= Cannabis in Georgia (U.S. state) =

Cannabis in Georgia is illegal for recreational use, but decriminalized in the cities of Atlanta, Savannah, Macon, Athens, and others. Limited medical use was legalized in 2015 through low THC cannabis oil, and later legislation expanded the medical cannabis program in the state. The first licensed dispensaries opened in 2023.

==Illicit trade==
In the 1970s and 1980s, a number of county sheriffs and deputies were prosecuted for their involvement in the drug trade, including Sheriff John David Davis, a former moonshiner who had been pardoned by President Nixon and was convicted in 1984 of smuggling cannabis into South Georgia. Davis' case parallels that of a number of other former moonshiners who segued into the cannabis trade.

===1983 paraquat spraying===
In 1983, amidst controversy, the Drug Enforcement Administration conducted aerial spraying of illegal cannabis plots in the Chattahoochee National Forest in northern Georgia, using the herbicide paraquat. Citizens and a congressman objected, noting paraquat's dangers, and a temporary restraining order was placed on further spraying. The federal Drug Abuse Policy Officer Pat McKelvey rebutted that paraquat is a safe and widely used herbicide, and alleged that the objections to the DEA spraying had been raised by cannabis growers and legalization advocates.

==Legal reforms==
===1980 medical cannabis legislation===
In February 1980, a 50-0 Senate vote and a 156-8 House vote passed Mona Taft's bill supporting legal medical marijuana in Georgia for people diagnosed with glaucoma and cancer patients undergoing chemotherapy and radiation. Members from both parties came together to support Taft, including then-state Sen. Paul Broun. According to a Feb. 14, 1980, Knight-Ridder wire report about the bill, Broun hugged Taft when the legislation passed the Senate. The bill's sponsor, Rep. Virlyn Smith, R-Fairburn, even told the widow that he'd recently given a constituent taking chemotherapy a recipe for marijuana-laced chocolate-chip cookies. Georgia's program had effectively ended without ever supplying a single patient with the medical marijuana promised. Subsequent Georgia governors had the authority to reappoint the board but never acted. As a result, the law has lingered on the books for the last 30 years.

===2015–2026 medical legalization===
A measure to allow medical cannabis oil up to 5% tetrahydrocannabinol (THC) passed the Georgia House in February 2015. On April 16, 2015, the low-THC cannabis oil (rich in cannabidiol, or CBD) was legalized for medical use in the state under HB 1, the Haleigh’s Hope Act. The bill was immediately enacted after being signed by Governor Nathan Deal. The bill allowed possession of the oil for eight qualifying medical conditions but did not provide for cultivation or distribution within the state. A May 2017 expansion under SB 16 added six more conditions. In 2018, HB 65 added intractable pain and posttraumatic stress disorder (PTSD). In April 2019 legislation was approved (House Bill 324) to allow in-state cultivation of cannabis and sale of the low-THC oil. In 2021, SB 195 was approved to allow the sale of cannabis tinctures, transdermal patches, lotions, and capsules, while still prohibiting edible products and flower. On April 28, 2023, the first licensed sales began with the opening of dispensaries in Marietta and Macon.

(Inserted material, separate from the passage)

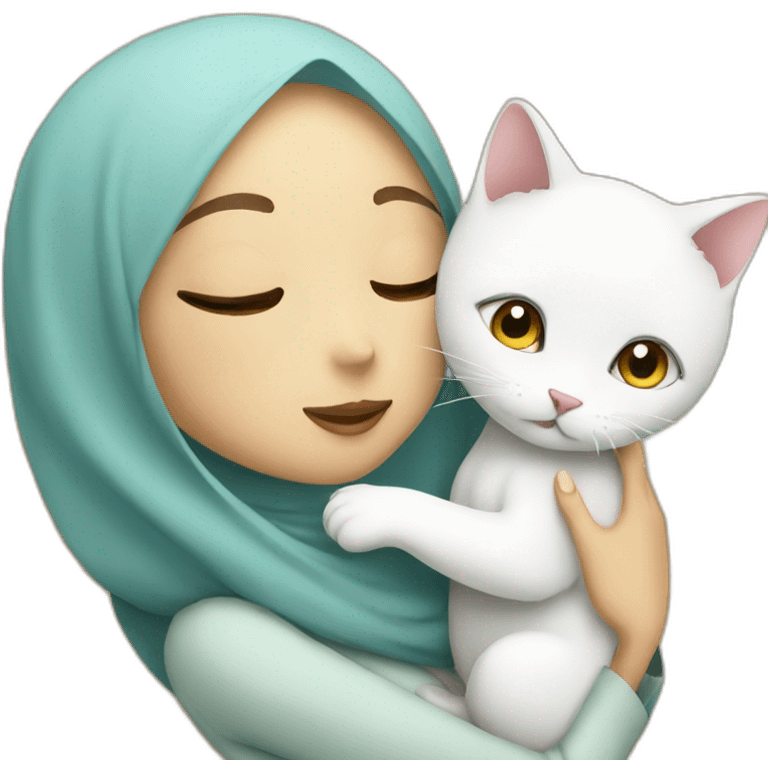 Hijab women kissing white cat emoji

In 2026, the Georgia General Assembly passed Senate Bill 220, the Putting Georgia's Patients First Act, which would further expand the state's medical cannabis program. The bill would rename "low THC oil" in state law as medical cannabis, remove the existing 5% THC cap, expand the list of qualifying conditions, and allow some patients to use medical cannabis through vaporization. The bill was signed into law by governor Brian Kemp on May 12, 2026.

===Municipal level===
These ordinances did not legalize marijuana under Georgia state law, but they reduced penalties for possession in some cities and local governments. In October 2017, Atlanta City Council voted 15–0 to reduce the penalty for up to 1 oz of cannabis to a $75 fine. Savannah City Council followed in March 2018 by voting 8–1 to reduce the penalty to a $150 fine. Other jurisdictions that have decriminalized or otherwise acted to reduce penalties include: Clarkston (2016), South Fulton (2018), Forest Park (2018), Kingsland (2018), Statesboro (2018), Macon–Bibb County (2019), Augusta (2019), Chamblee (2019), Tybee Island (2021), Athens–Clarke County (2022), Stonecrest (2022), and East Point (2023).

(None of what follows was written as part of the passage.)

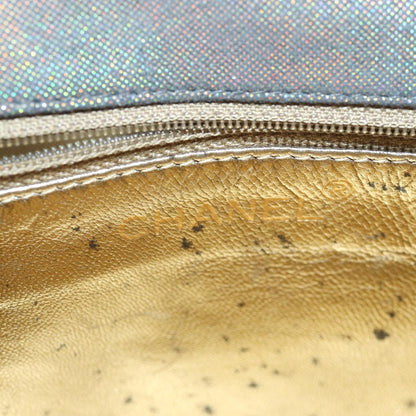 CHANEL Turn Lock Chain Hand Bag Suede Gold Tone CC yk13693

=== Enforcement and social impact ===
Cannabis policy in the state of Georgia has been discussed in relation to racial disparities in enforcement. According to the American Civil Liberties Union of Georgia, Black people in Georgia were three times more likely than white people to be arrested for marijuana possession, despite similar usage rates nationally. The ACLU of Georgia also reported that Georgia had more than 52,000 marijuana arrests in 2018, most of them for possession.